M&Uスクール

潜在意識の有効活用を教える学校”M&Uスクール”のサイト

今週の喝 第927号(2023.02.27~03.05)この世は全て催眠だ(667)〜私を育てた「こんにちは赤ちゃん!」〜

潜在意識の大活用・あなたが変われば全てが変わる

潜在意識ってどんなもの? 

この世は全て催眠だ(667
私を育てた「こんにちは赤ちゃん!」

  「吹奏楽部に入るなら、ヘルメットかぶって行けよ」
毎年新学期には、50名近い新入部員が顔を揃え、彼等の担任はブラバンにスカウトされた部員達に上記のような冗談とも本気ともつかないような注意をされました。
 アカンタレ忠洋も、世間で囁かれるこんな風評があったにもかかわらず、入学式の体育館2階から聞こえてきた選抜高校野球入場式の行進曲「こんにちは赤ちゃん」のイントロのファンファーレに頭を天ぷら棒30本でしばかれたような衝撃で、アカンタレ精神は何処かへ飛んで行ってしまった感覚のなか、フルートの廿日出(はつかで)信雄(のぶお)さんに勧誘されて吹奏楽部の門を叩きました。
 小学校4年生の時に音楽専門教師の田中信夫先生にレコードでドヴォルザーク作曲の交響曲第9番「新世界より」の第四楽章を聞いた時以来の“感動”でした。私のアカンタレ精神は、感動という心の衝撃の前では、敢えなく粉砕されてしまったのです。
 得津先生の素晴らしいところの一つに、父兄が居ようが居まいが、ビシバシで天ぷら棒や拳骨の嵐はへっちゃら、その上、
 「お前のオトンやオカンの顔が見たい!アホ!」
と罵声を浴びせます。コンクールの10日前になると、父兄が集まって美味しいご飯を炊き出ししてくれます。そんな折に、練習風景を参観するのですが、熱がこもってくると父兄が居ることも忘れ、天ぷら棒の嵐と罵詈雑言の台風です。
 今なら、暴力教師と言われ、教育委員会に訴えられかねませんが、今津の風土は相当得津武史先生用に整備されていたのでしょう。ある父親などは、
 「先生、ウチの坊主はもっと厳しゅう、頼んまっさ」
と子供の前で嗾(けしか)ける始末です。

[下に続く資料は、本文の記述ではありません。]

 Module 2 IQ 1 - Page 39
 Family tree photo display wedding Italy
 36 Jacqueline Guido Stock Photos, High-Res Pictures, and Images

子供も慣れたもので、罵声が飛ぶと、自ら進んで先生の下に頭をもってゆきます。全日本コンクールも近づいてくると、先生も生徒も殺気立ち、その天ぷら棒にも気合いが入りその痛さたるや渾身の力で頭に打ち下ろされるため、普通の子供なら、縦にタン瘤が出来てしまうでしょうが、吹奏楽部の人間はへっちゃらのへーで威風堂々の練習は続きます。

 

★★人は自分の気に照準を合わせた時、念願は叶う★★
 私が今迄、出逢った師は、皆さん集中力に於いては、人並み外れた方々でした。生意気を言うようですが、私も発展途上の時期は、一つのことに関してはそれに固執する能力は自慢してあまりあるものでした。という風に自慢たらしく言っていますが、当初、子供の頃は何をしても気が散りまくっておりました。それが一つに纏まったのは先ほど述べた、体育館の2階から降り注ぐブラスバンドの響きに心底魅了された事象からでした。
 今もあの時のブラスの響きは身体全体に残っております。そして、時々そのサウンドの夢を見ることがあります。こんな強烈な体験をした私は果報者と言わざるを得ません。以前にも書きましたが小学4年生の時、吹奏楽部が練習している体育館の通風孔から新世界の第1テーマが聞こえてきて、それに耳を傾けた時の感覚が呼び起こされたのでしょう。後年、我が生涯の師匠・宇宿允人先生に、「君は、本当に音楽が好きなんだね」と言われたのも、この時の感覚がよみがえってきたからです。
 このように,当時の感覚を文章化していると、六根(眼耳鼻舌身意)で感じたことを、その当時から六境(色声香味触法)として全身全霊で感じていたのでしょう。いや、それすら意識しない集中の中に身を置いていたのかも知れません。
 私が、このように感じていた頃、巷ではオリンピックや万国博覧会が盛大に行われ、日本は敗戦国から立ち上がって真の独立国家としての威厳を取り戻しつつある時でした。そんな折、クラシックの世界は、世界一の管弦楽団ベルリンフィルハーモニーを率いる指揮者・ヘルベルト・フォン・カラヤン氏が一世を風靡しておりました。テレビでベルリンフィルの演奏するベートーヴェン作曲、第9交響曲「合唱」を初めて見た時、こんな全身にインパクトを与える曲を作る作曲家がいることに、また「新世界」の時同様の感銘を受け、それこそ得津武史先生が武者小路実篤先生の詩「道」から受けた感覚と同様の衝撃を受けたのです。
 この頃から、将来、このように人の心を揺り動かすような音楽を作れたら、どんなに素晴らしい人生になるだろうかと考え始めたのを、今、思い出します。もちろん、作曲の技術も知識も持ち合わせていませんでしたが、その情熱は、凄まじいモチベーションを誘発したその感覚だけは、潜在意識に残っております。
 今振り返ると、人間は“その気”に自分の精神の照準を合わせれば、それはいつか念願が叶うということを感じた瞬間だったように思います。